For projects that will be exposed to UV rays, be sure to select the right paint, stain, and finish combination

By Staff of SSW

We’ve all experienced finishes fading or discoloring in the sun, but how much to do they actually change? To test this, we created two boards with identical paints, stains, and finishes. We photographed one immediately and stuck the other in a sunny window. After a year, here’s what we found. Once you have read through the finish results, test out what you learned by scrolling and finishing a cute crustacean


Row A: Spar Varnish

Spar varnishes are a class of tough finishes designed for outside use, like on benches or boats. The “bouncers” of the finish world, these sturdy guys contain compounds that block the ultraviolet (UV) rays that give you sunburn—and cause projects to fade.

Woodworkers love spar varnishes because they help finishes stand up better over time; they also preserve color longer. Why? Not only do UV rays make colored finishes fade, but they also cause rich, colorful hardwoods, such as purpleheart, to lose their vibrant hues. The bigger the shield against UV rays, the longer the color stays. A word of caution, though: the compounds in spar varnish do eventually break down, so even the toughest outdoor finishes need to be reapplied after a few years.

In our test, the spar varnish immediately added a yellow cast to the sections finished with white acrylic paint, which is clearly visible on the top panel.
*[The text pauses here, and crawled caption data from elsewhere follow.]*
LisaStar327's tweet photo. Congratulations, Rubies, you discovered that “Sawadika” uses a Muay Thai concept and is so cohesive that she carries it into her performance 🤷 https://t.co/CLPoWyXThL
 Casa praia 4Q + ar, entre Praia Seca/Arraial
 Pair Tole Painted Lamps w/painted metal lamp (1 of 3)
This yellow deepened noticeably on the test board that was exposed to sunlight.

Other than that, in terms of gloss and color, the sections treated with acrylic paint and acrylic paint washes and then finished with spar varnish (columns 1-4) held up well. This is because paints add color using solid pigments dissolved in a medium of some sort (usually oil, an acrylic medium, or water). Even when you thin these paints with water, the pigments resist fading.
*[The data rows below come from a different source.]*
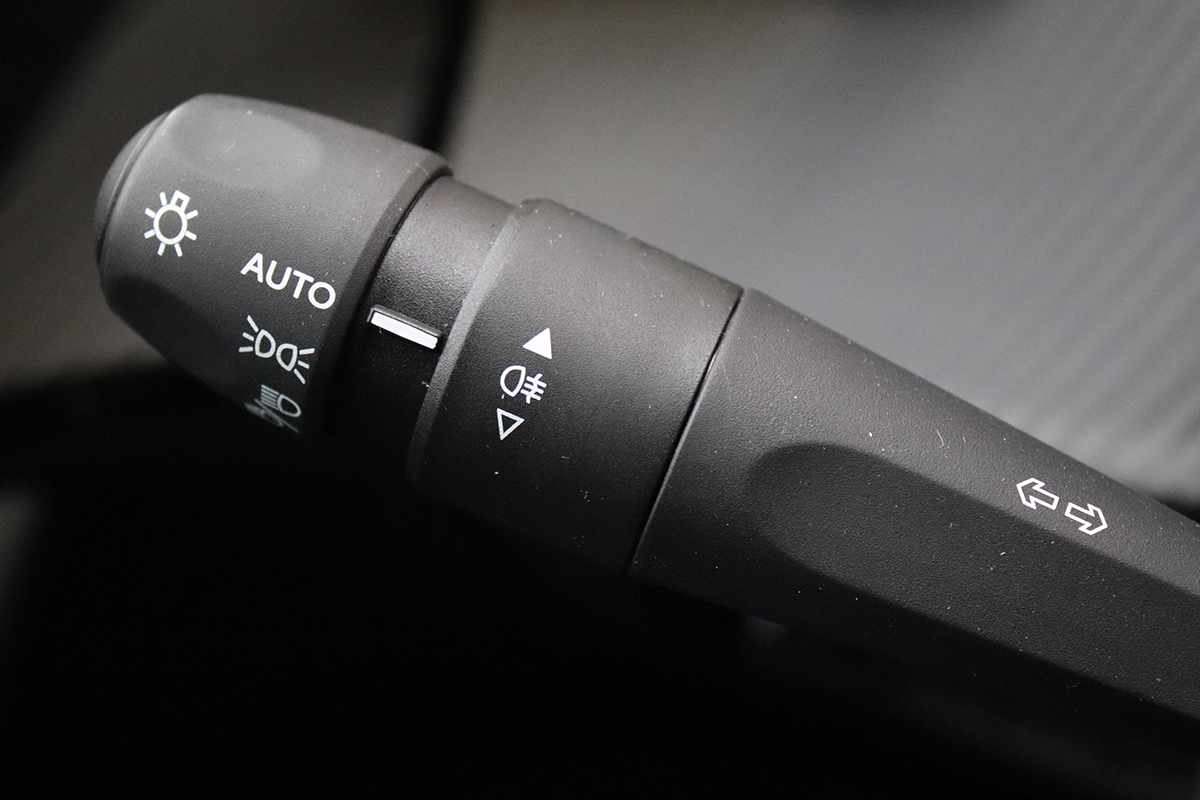 peugeot-2008-2024-gasolina-1199cc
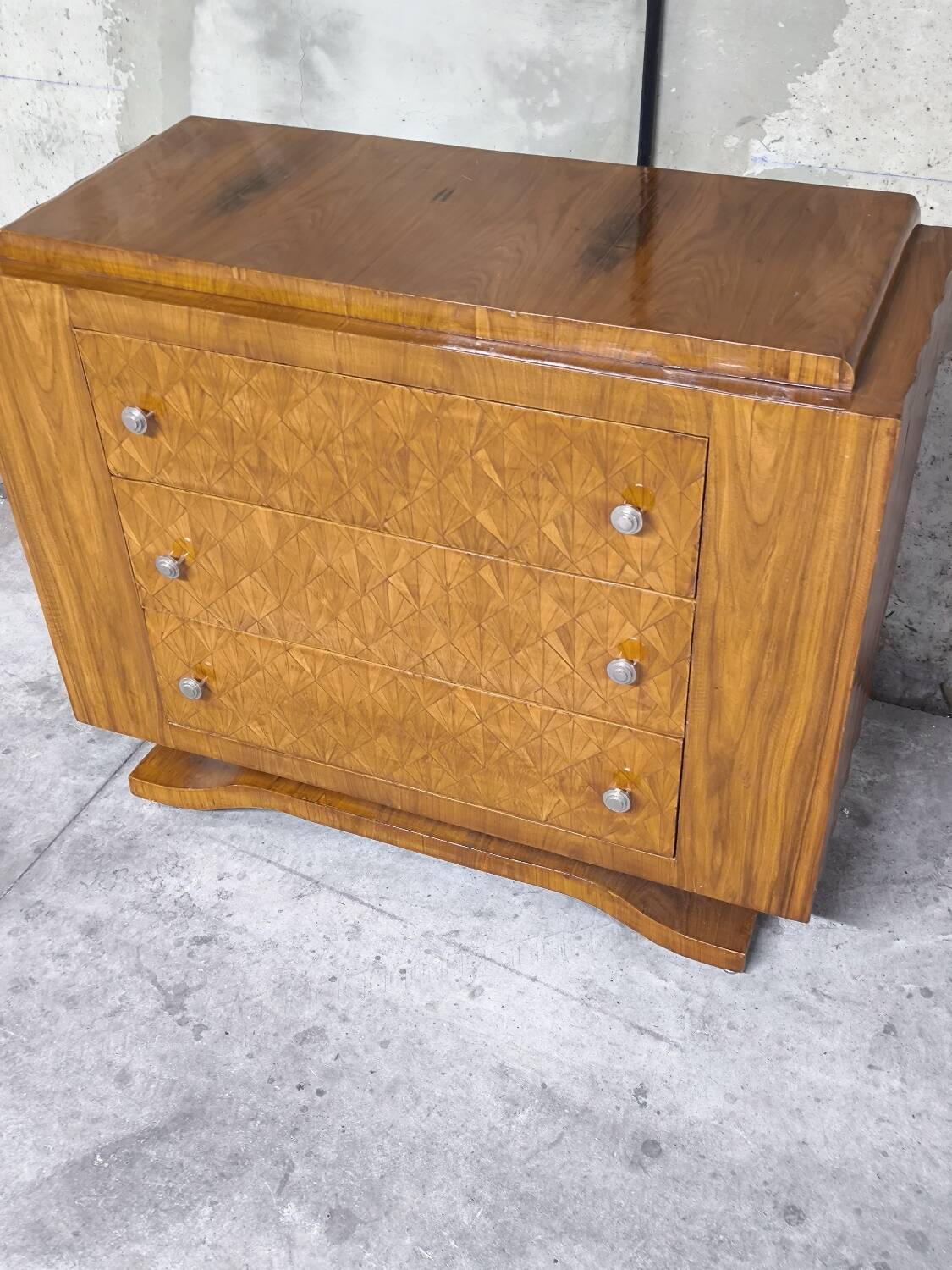 Vintage Art Deco commode from the 1950s.
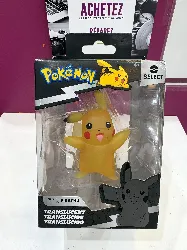 figurine pikachu translucide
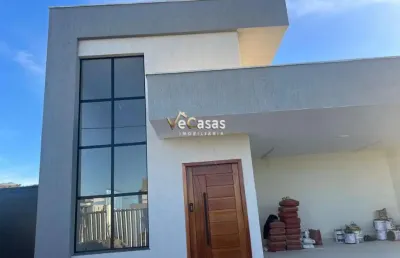 Casa alto padrão viverde com pé direito alto e amplo quintal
The three sections colored with stains and dyes and then finished with spar varnish (columns 5-7) faded more noticeably than the acrylic paint sections. Column 5, finished with a traditional oil stain, held up better than dye (column 6) and alcohol-based stain (column 7). This is because traditional stain includes solid color pigments (which hold up better than dye) in addition to dye. Alcohol-based stains contain more dye than solid pigment, so they fade more than traditional stains do.

Row B: Natural Danish Oil

Danish oil, a mixture of oil finish and varnish, is a common finish for scrollsawyers. It’s easy to apply and adds a rich tone to most finishes (and doesn’t affect the color white, like the spar varnish did). But it doesn’t contain any UV-blocking compounds.
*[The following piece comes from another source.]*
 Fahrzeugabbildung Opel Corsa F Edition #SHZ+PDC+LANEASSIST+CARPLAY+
The acrylic paint and acrylic paint washes (columns 1-4) finished with Danish oil held up well, but all three stains (columns 5-7) faded significantly more than they did in Row A.

Row C: No Surface Finish

For comparison’s sake, we didn’t apply any surface finish to Row C. This means that the colors on this row were fully exposed to damaging UV rays, and it shows. Even the solid pigments in the paints faded very slightly, and the dyes and stains changed substantially compared to the control.


The takeaway is obvious—any finish is better than no finish, but a finish containing UV blockers is ideal for projects you plan to keep outdoors. If you don’t want to apply a heavy finish like spar varnish, use paint or traditional oil stain; dyes and alcohol-based stains don’t stand up as well when exposed to UV rays.